_Your instructions_
Exactly the lines below starting at the line with "సీఎస్ శాంతికుమారిని కలిసిన కాంగ్రెస్ నాయకులు" and ending at the line with "-花水湾第一村温泉大酒店" are wanted, with both ends included. Leave out the pictures and add no other lines.

_Dataset entries_
━━━━

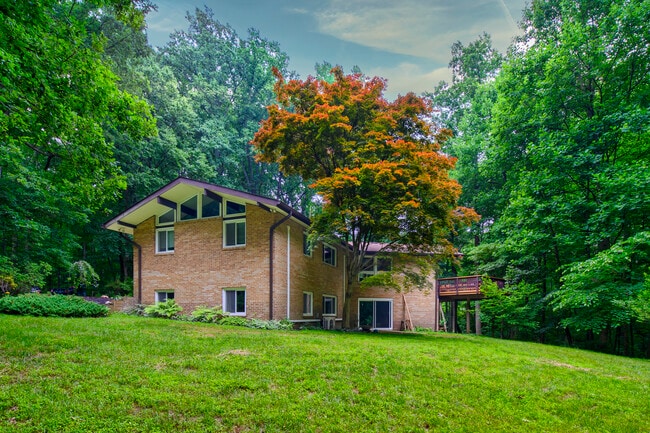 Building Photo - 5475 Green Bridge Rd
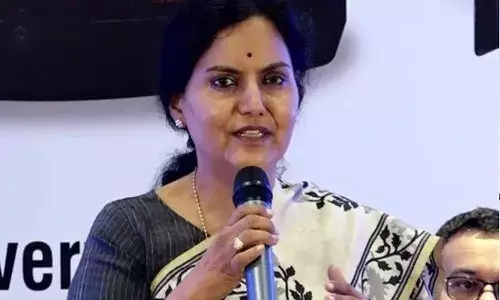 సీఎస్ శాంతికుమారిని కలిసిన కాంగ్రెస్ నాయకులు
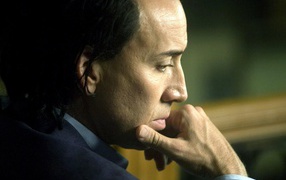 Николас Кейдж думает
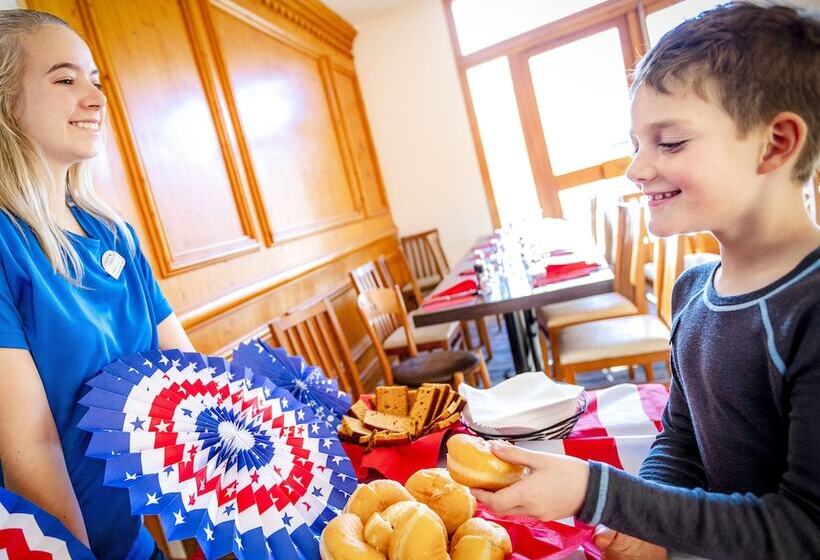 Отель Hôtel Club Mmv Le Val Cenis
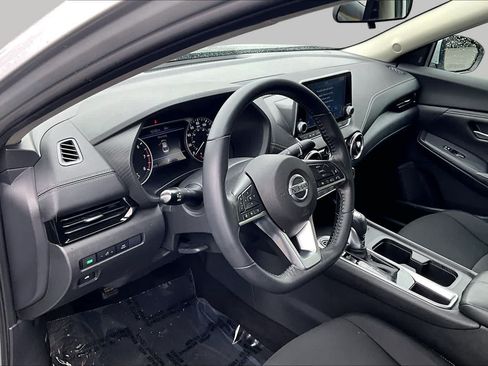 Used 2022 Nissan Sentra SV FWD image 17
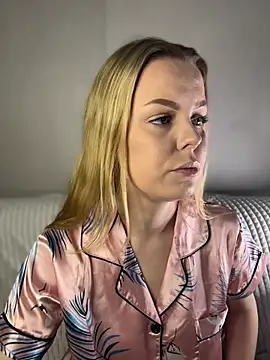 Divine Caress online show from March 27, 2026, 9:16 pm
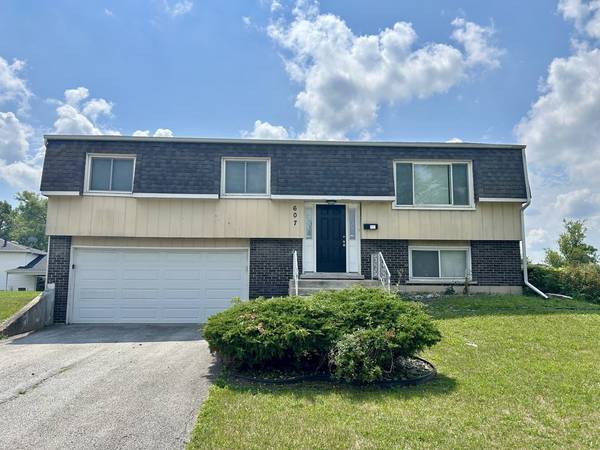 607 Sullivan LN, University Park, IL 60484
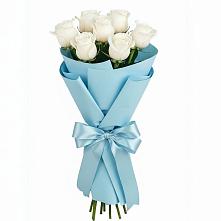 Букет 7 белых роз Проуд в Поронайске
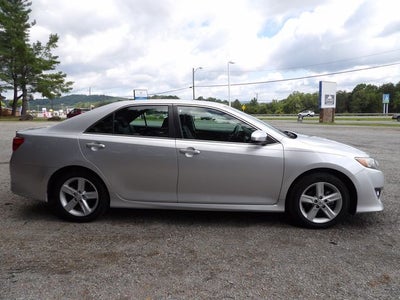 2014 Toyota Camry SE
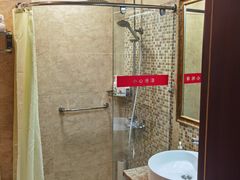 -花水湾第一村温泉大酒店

━━━━

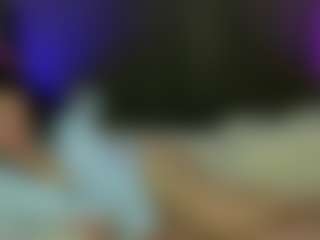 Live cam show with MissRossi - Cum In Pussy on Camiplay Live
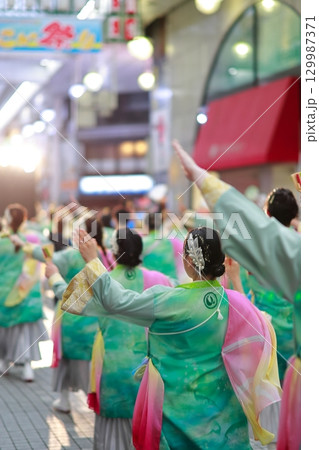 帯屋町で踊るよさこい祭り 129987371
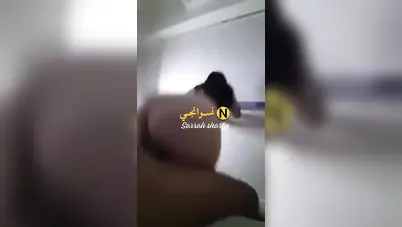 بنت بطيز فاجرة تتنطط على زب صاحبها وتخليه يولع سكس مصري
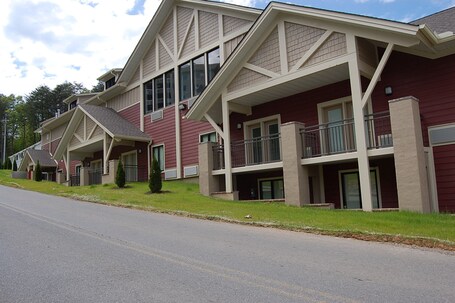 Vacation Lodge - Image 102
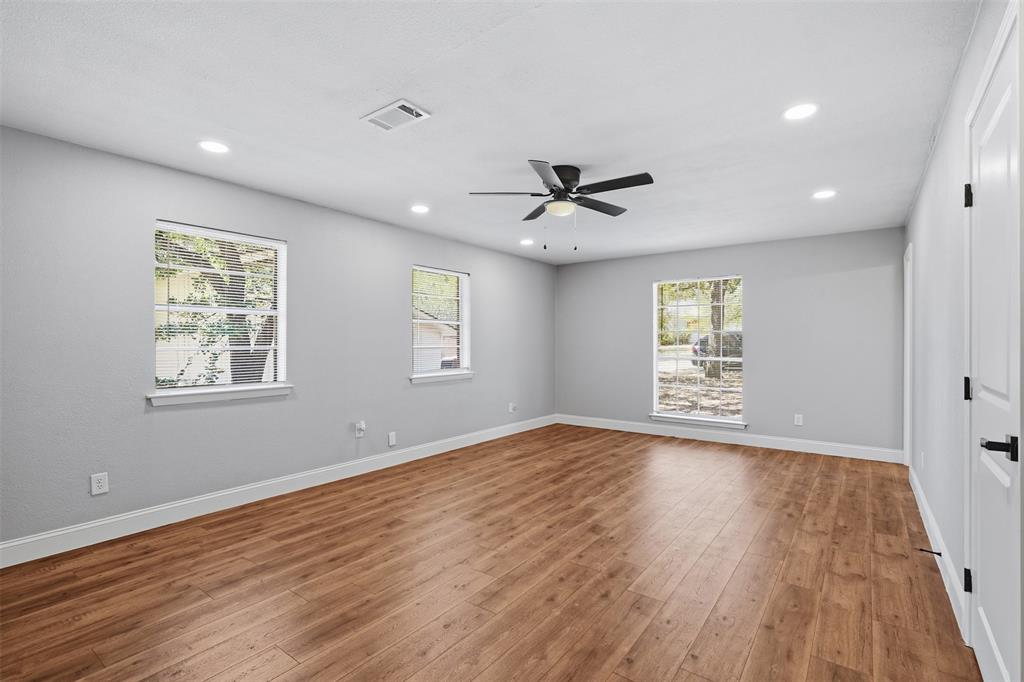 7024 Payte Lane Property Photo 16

━━━━

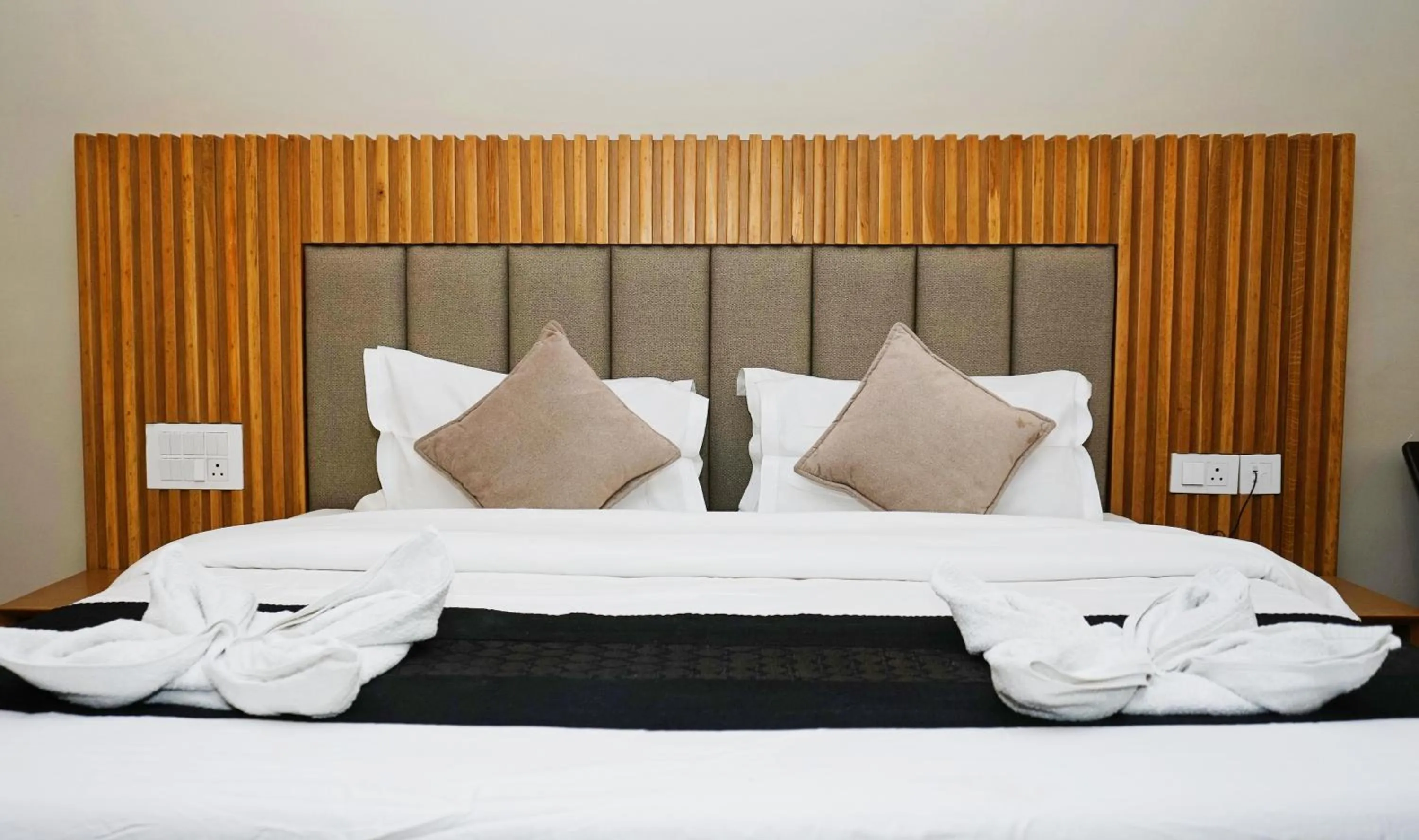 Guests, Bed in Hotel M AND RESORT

━━━━

_Output for this exercise_
 సీఎస్ శాంతికుమారిని కలిసిన కాంగ్రెస్ నాయకులు
 Николас Кейдж думает
 Отель Hôtel Club Mmv Le Val Cenis
 Used 2022 Nissan Sentra SV FWD image 17
 Divine Caress online show from March 27, 2026, 9:16 pm
 607 Sullivan LN, University Park, IL 60484
 Букет 7 белых роз Проуд в Поронайске
 2014 Toyota Camry SE
 -花水湾第一村温泉大酒店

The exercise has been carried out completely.